As a yoga teacher and hypnotherapist I'm always fascinated by the mind body connections, and the role of language as a bridge. Altered states in this case can only be entered with the guide of language, and I’m delighted to be joined today by three of my favourite and most visionary poets, Nikita Gill, Ariana Reines and Daisy Hildyard. 

 

The panel have kindly agreed to immerse us in their worlds and practice, by kicking off the panel with readings. Before this however, I’d like to invoke Citra and her words by reading one of her poems. As well as being an incredibly talented and visionary artist, she is a poet and has published this book of poetry:  

Acknowledgements:

Thanks to Grace, Reena, George, John and the whole creative collaboration team, and to Devyani for her support. Special thanks to curator  Lotte Johnson for bringing such a spectacular exhibition to the curve, if you haven’t seen Citra Sasmita Into Eternal Land yet, it’s free please do go along afterwards, and thanks to Citra herself for the chance to immerse ourselves in her world and consider nuance and synchronicity with language and themes in the work of Nikita Gill, Ariana Reines and Daisy Hildyard. It’s a true honour to be joined by them here today and I’m really excited for our conversation on how mapping the body and our own subjective experience can help us to understand and even change the world.  

Introductory text by Susanna Davies-Crook

Artist Biographies:

Nikita Gill 

Nikita Gill is an Irish-Indian poet, playwright, writer, actor and illustrator living in the south of England. She has published seven collections of poetry including Wild Embers, Fierce Fairytales, Great Goddesses, Where Hope Comes From and These Are The Words  

 She is the editor of the poetry anthology SLAM! and her book, a novel in verse called The Girl and Goddess was published by Ebury on National Poetry Day 2020. She has also published a novel in verse for Doctor Who's 60th Anniversary called The Angel of Redemption and her children's audiobook Animal Tales From India won Highly Commended in the Week Junior Kids Awards. Her next book, Hekate, the first novel in a loosely connected trilogy about the Greek goddesses of the Underworld, will be published in autumn 2025 by Simon & Schuster in the UK and Little, Brown in US. Her work has been nominated for the Carnegie medal, shortlisted for the CLIPPA and longlisted for the Jhalak Prize.  

Ariana Reines  

Ariana Reines is a poet, playwright, and performing artist from Salem, Massachusetts and based in New York. Her books include Wave of Blood, A Sand Book—winner of the 2020 Kingsley Tufts Award and longlisted for the National Book Award—Mercury, Coeur de Lion, and The Cow, which won the Alberta Prize from Fence in 2006. Her Obie-winning play Telephone was commissioned by the Foundry Theatre with a sold-out run at the Cherry Lane Theatre in 2009. Reines has created performances for  the Solomon R. Guggenheim Museum, the Swiss Institute, Stuart Shave/Modern Art, Le Mouvement Biel/Bienne, the Whitney Museum of American Art, and Performance Space New York.

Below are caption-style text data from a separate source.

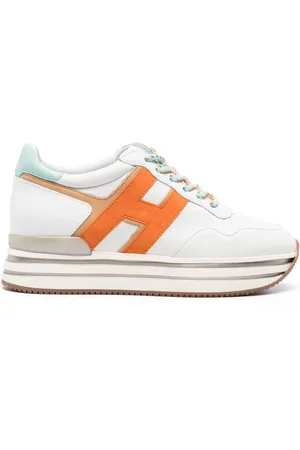 Hogan Midi H222 sneakers i læder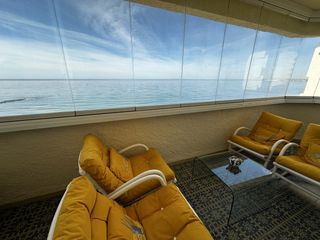 Lloguer Apartament a Playa Bajadilla - Puertos. Apartamento con vistas al mar en marbella centro de alquiler de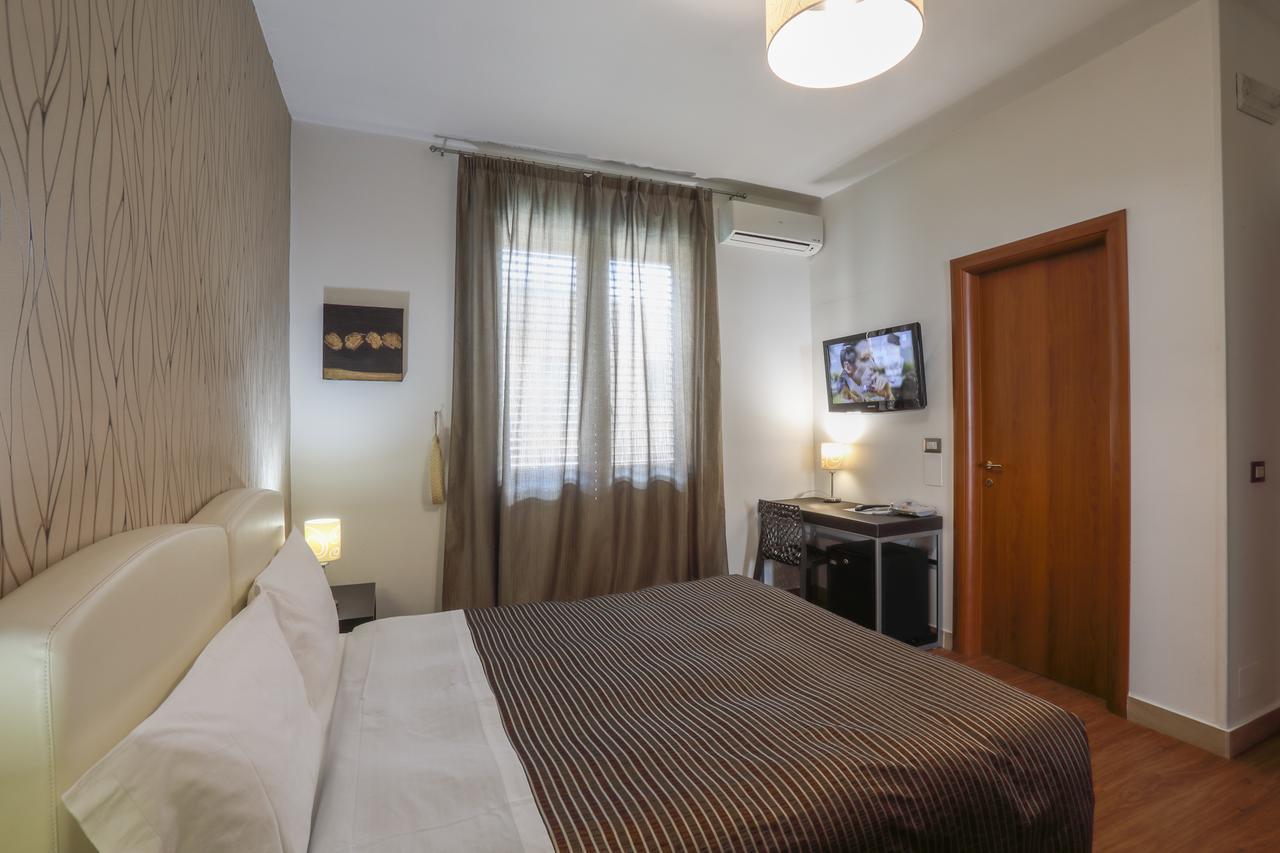 B&B Night&Day Reggio di Calabria Buitenkant foto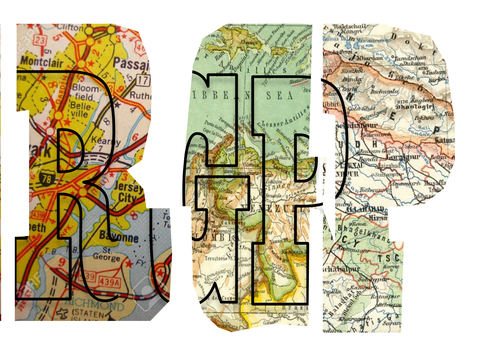 Geography display title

She has taught poetry at UC Berkeley (Holloway Poet), Columbia, NYU, and Scripps College (Mary Routt Chair), been a visiting critic at Yale School of Art, and for community organizations including the Poetry Project and Poets House. Her poetry and prose have been published in The New Yorker, Poetry, Artforum, Frieze, Harper’s, and many others. In 2020, while a Divinity student at Harvard, Reines created Invisible College, an online space devoted to the study of poetry, sacred texts, and the arts.  

Daisy Hildyard   

Daisy Hildyard is author of two novels – Emergency (2022) and Hunters in the Snow (2014) – and one work of nonfiction, The Second Body (2017). She lives in the north of England.